いい言葉がいい人生をつくる 斎藤茂太
先日、ある会合で声をかけられた。
俳優のRさんだ。
以前はテレビにも毎日のように登場し、スター街道まっしぐらの活躍ぶりだった。
そういえば、最近はあまり見かけない。
人気絶頂に会ったとき、彼はマネージャーのいうままに猛烈にスケジュールを消化していた。

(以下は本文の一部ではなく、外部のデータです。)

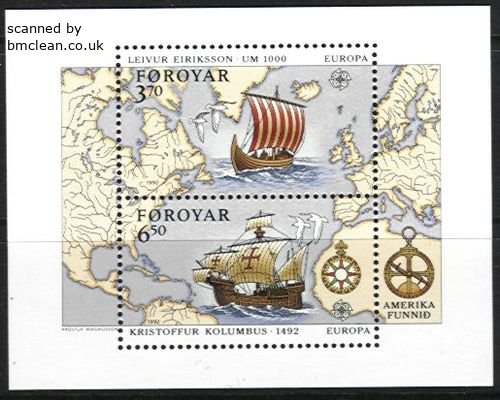 (image for) 1992 Europa (M/S)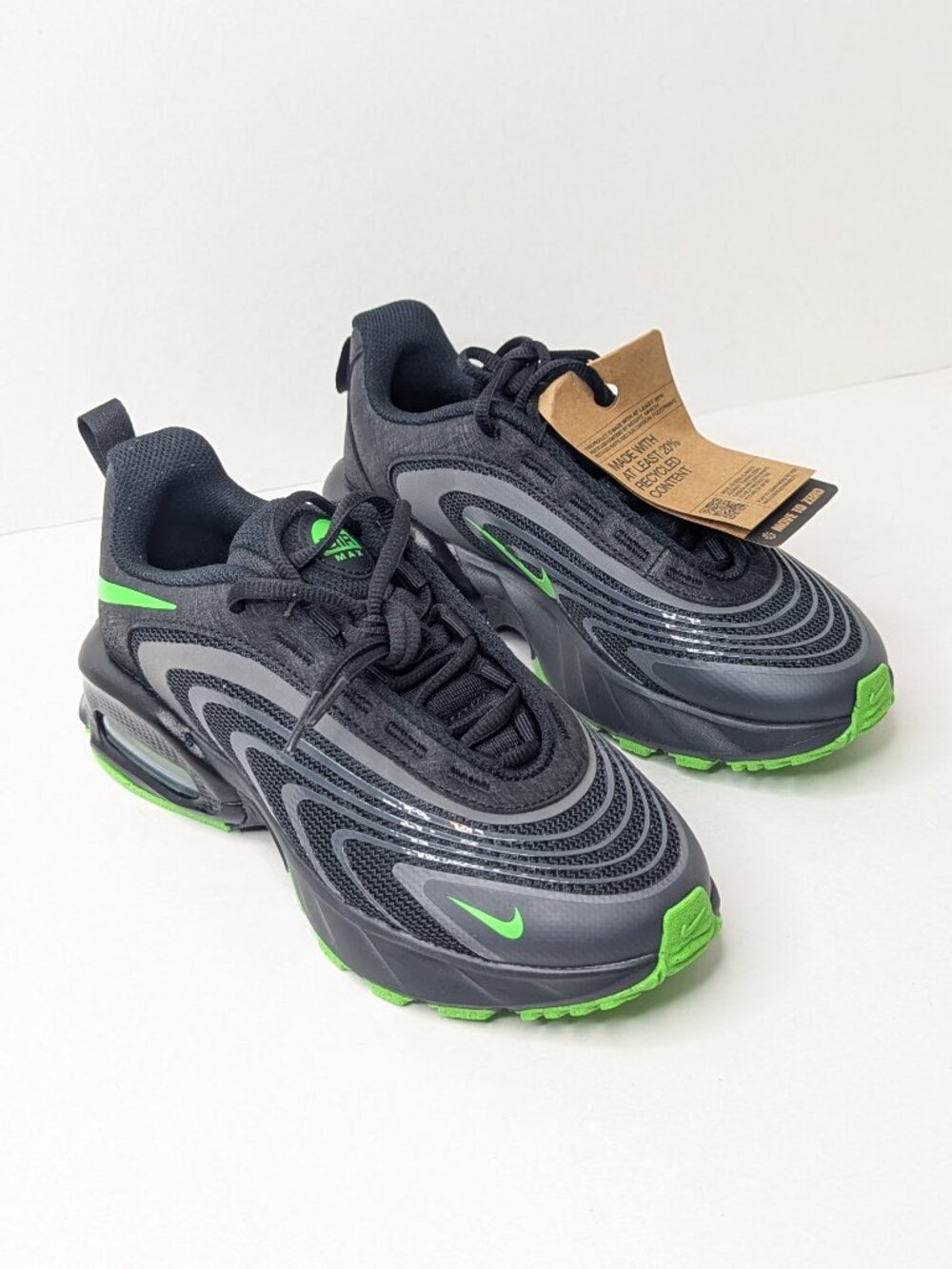 Nike Air Max Fire Athletic Sneakers Green Black Big Kids 4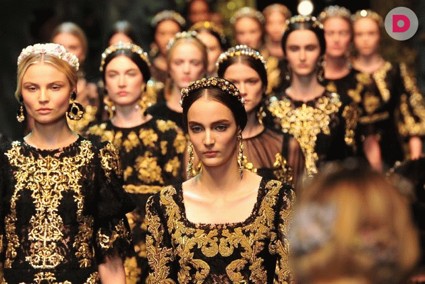 Золотая осень в стиле барокко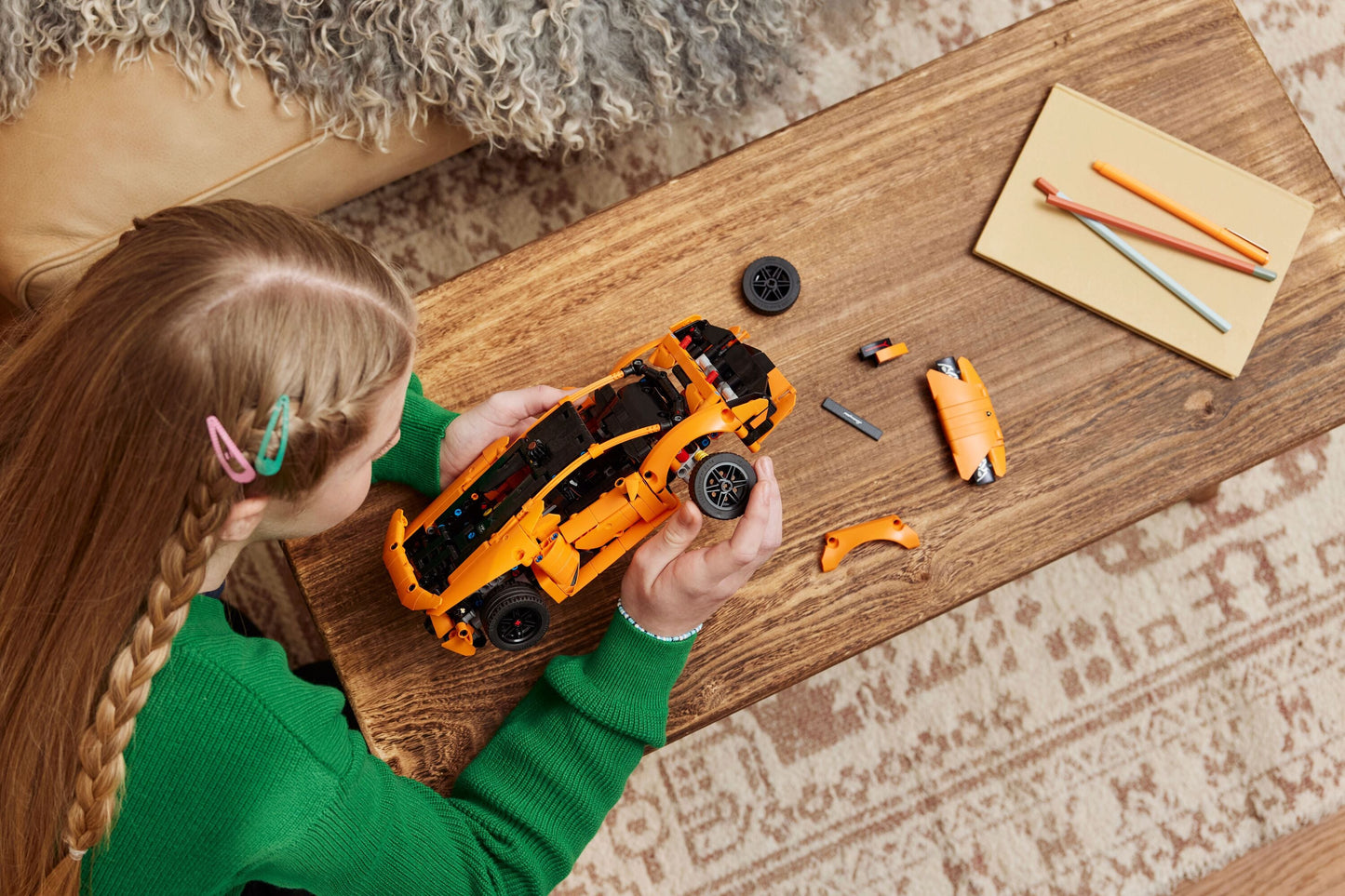 LEGO Technic Lamborghini Huracán Tecnica – Advanced Supercar Building Set for Kids Ages 9+ | Realistic Model Racing Car Toy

仕事漬けになる代わり、住まいは家賃100万円のマンション、着るものはブランドづくめ、故郷の親を東京に呼んで、成功ぶりを見てもらおうと思ったところ、両親は、あまりに日常感覚を欠いた彼の生活ぶりに、かえって心配を深めたほどだった。
そんな彼が、今は下町のしもた屋住まいだという。
毎日コンビニやスーパーに行って、自炊をしているという。
あれほどの人気スターも人気が陰ったのか、私はそう思いかけた。
だが、そうではなかった。
人気沸騰しているころも、彼は昔のアングラ劇団時代の仲間と交流を絶やさなかった。
ある日、劇団仲間と観に行った1人芝居が彼の人生を変えてしまったのである。
何のために俳優をやっているのだろう。
人気? 豪華な生活? お金? 何度問い直しても、答えはこうだった。
血がたぎるような舞台をしたい!これだ。
彼は、周囲の説得に耳を貸さず、芸能プロダクションをやめた。
今は小さな劇団に籍を置き、もう一度芝居の勉強を一からやり直しているところだという。
夢があれば貧乏はつらくないということが分かりました。
昔より今の方がずっと楽しんです、という彼をしっかり支えているのは、いつか一人芝居をやるという夢だ。